Nebraska Spear Hunter Kills Whitetail Buck from the Ground

Nebraska Spear Hunter Kills Whitetail Buck from the Ground Outdoor Life

Spear Hunter Kills Whitetail Buck: Her Unique Approach

Times have changed since the first hunt Angie Kokes went on as a teenager. Sitting all day and seeing no animals made her question the traditional methods of deer hunting. The next day, she ventured out alone, determined to find a different approach.

Fast forward 34 years to October 10, when Kokes found herself on her ranch in North Loop, Nebraska, holding a 6-foot, 3-inch spear. With years of practice behind her, she crept over a bank and spotted a buck about eight feet away. She threw the spear, marking a new level of achievement in her hunting journey.

Spear hunting may not be familiar to many American hunters. Often associated with primitive tools, it has evolved into a method that requires extreme skill and patience, similar to bowhunting.
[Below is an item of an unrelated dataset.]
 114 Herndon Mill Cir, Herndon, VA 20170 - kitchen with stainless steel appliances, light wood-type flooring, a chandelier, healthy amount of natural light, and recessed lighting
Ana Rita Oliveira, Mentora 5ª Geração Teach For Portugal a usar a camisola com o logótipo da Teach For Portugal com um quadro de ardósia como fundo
In Nebraska, spear hunting is legal for deer, elk, mountain sheep, turkey, and antelope, with a few restrictions.

Kokes has faced criticism and skepticism about her spear hunting practice, but she engages in open conversations to address concerns. Her goal is to prove that spear hunting can be a humane and effective method. She believes that her lethal throws from close range are more ethical compared to nonlethal bullets or broadheads that can leave game animals wounded.
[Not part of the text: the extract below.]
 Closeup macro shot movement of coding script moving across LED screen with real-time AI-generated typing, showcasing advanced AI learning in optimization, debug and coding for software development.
The devastation caused by a spear’s exit wound is undeniable.

Spear hunting is often associated with baiting, leading some to view it as more of a stunt than a serious hunting method. However, stalking a bedded whitetail buck from a mere few feet away requires incredible skill. Kokes takes her hunting style seriously, and her successful throw on that October day proved her dedication.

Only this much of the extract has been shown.